Halfway through the Pittsburgh Marathon on Sunday, two strangers -- both needing a boost -- vowed to make sure the other crossed the finish line.
They were dead last. But they did it -- crossing the finish line hand-in-hand, at 7 hours and 11 minutes, a moment of sheer triumph and support that was captured in a photo that has gone viral.
Laura Mazur and Jessica Robertson spoke at about Mile 14, feeling daunted by the long road ahead to the finish, and feeling an instant bond. They shared their desire to each other to finish the race, and promised to see the other through the finish line, the local CBS affiliate reported.
The women told their story to Betsy Magovern and Daniel Heckert, who both had finished the half-marathon and were staying to watch the full marathon. Heckert took the photo of the heartwarming moment.
“I just ran over to grab my phone as they were coming,” Heckert told CBS Pittsburgh on Tuesday. “They started holding hands right before they got to the Mile 25 cheer station. I just wanted to capture the moment that showed these two ladies were going to finish the same race that winner did.”
Robertson, who is seen on the right, was running in her first marathon while Mazur was competing in her 12th.

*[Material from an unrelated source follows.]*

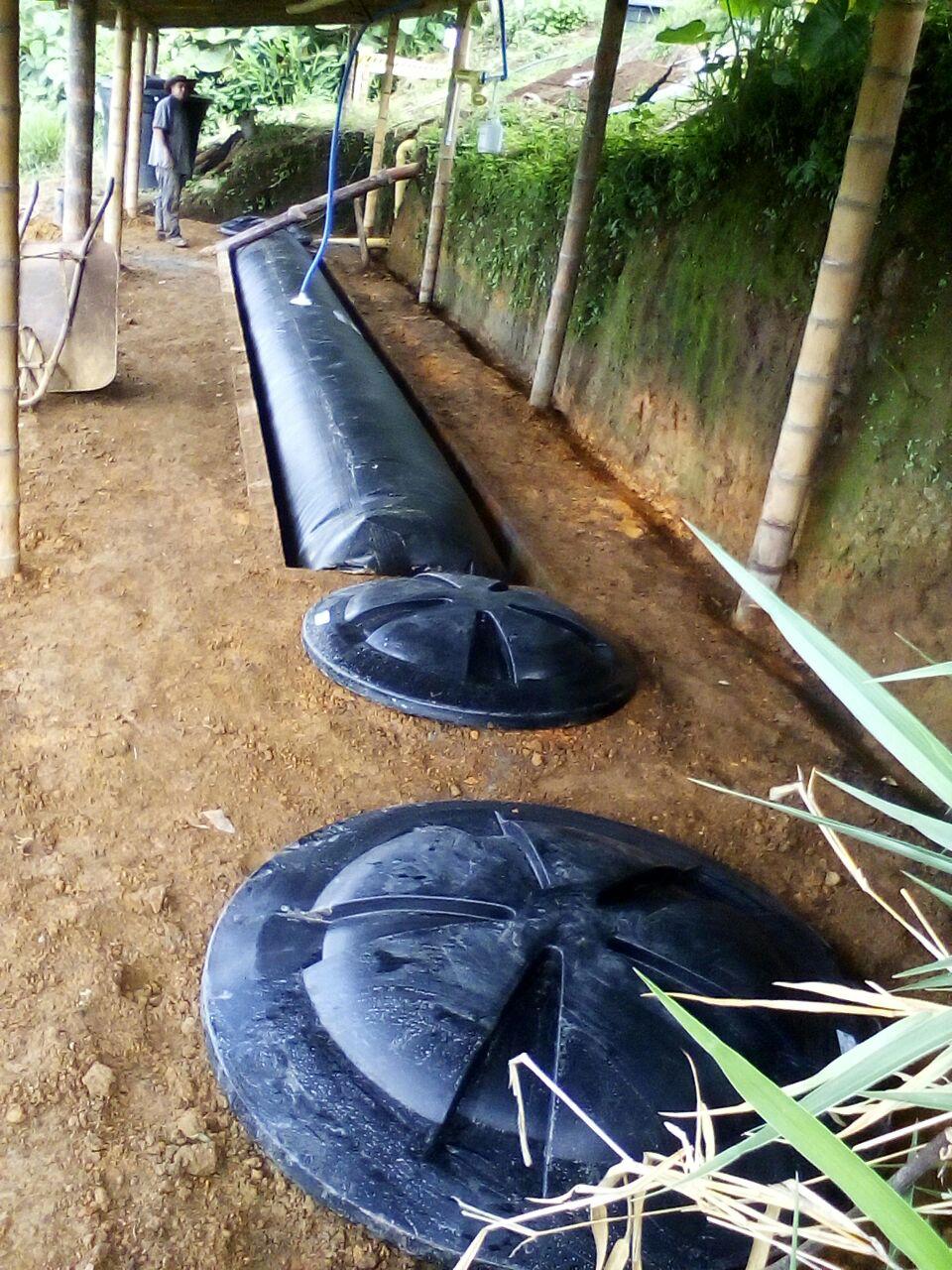 Biodigestor tubular para energía renovable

“I thought to myself, I’m not going to make it. There’s literally no one else out here but me and I can’t do this by myself, I just can’t,” Robertson said.
Mazur was the one who made a promise to Robertson.
“She said, ‘I’ll make you a promise. I won’t leave you if you don’t leave me. And no matter what, we will cross [the finish line] together.’ And I said, ‘Well, I won’t leave you because I can’t do this alone,’” Robertson told CBS.
Magovern said she was “impressed” the two runners were still in good spirits by the last mile.
“They were in good spirits and good cheer. There’s a lot of raw emotion at mile 25, that’s why it’s helpful to have a cheer station there,” Magovern told CBS.
The photo, which was shared on Facebook, received more than 6,000 reactions and 3,000 shares.
“They could have given up," Heckert said. "They could’ve said, the sweep vehicle’s right behind us, we hurt too much, we’ve got too far to go. There’s nobody around them. They did this by themselves. Where everybody else has a crowd to go through, they spent the majority of this, the two of them together."